The word khi'la, in turn, derives from the Arabic khala'a - "to divest [oneself of one's robe]." (It also might mean to put on the robe, and so would be an example of a contronym, a word that also means its opposite, as we discussed here.) Could this verb - "to remove, to take off, to depose" - have a cognate in Hebrew?
Very possibly. The connection may be found through a cognate: halal - "permitted" meat according to Islamic law. Just as in Hebrew, the word for permitted, mutar מותר, literally means "untied, loose," so too does the Arabic halal. (This is the opposite of haram - "prohibited, sacred," as we showed when discussing the Hebrew cognate cherem.)

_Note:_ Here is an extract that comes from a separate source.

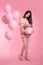 Attractive love teen brunette with balloons holding bouquet of r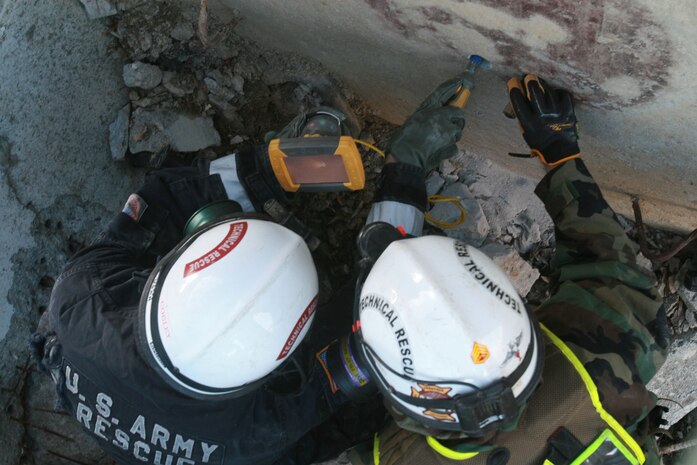 A soldier from 911th U.S. Army Technical Rescue Engineer Company and a Marine with Chemical Biological Incident Response Force’s Technical Rescue Platoon asses the condition of the void on the opposite side of a concrete barrier before breaking through to potentially rescue trapped victims in the void of a simulated collapse. This joint 72-hour technical rescue training operation with the 911th U.S. Army Technical Rescue Engineer Company at Downey Responder Training Facility allowed the two units take the opportunity to train together to build a good working relationship and familiarity of each other’s capabilities and limitations. Since both units cover the National Capitol Region, in the event of a disaster both units would work side by side.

Halal is allowed for use, and so could be defined as "profane" (i.e. not religiously forbidden.) In this way it is cognate with the Hebrew root חלל chalal, and the noun chol חול - both meaning "profane" (and today "secular.") Klein provides the following etymology for that root:
Aram. חֲלַל, Syr. אַחֵל (= he profaned), Arab. ḥalla (= he united, undid), ḥall (= the profane, allowed for use).
I think that there is a likely typo in Klein here, and halla should be defined as "he untied", not "he united."
Stahl provides a similar development, saying both the Hebrew and Arabic roots mean "released" - which applies to robes of honor, meat from ritual prohibition, and all things from their sacred status.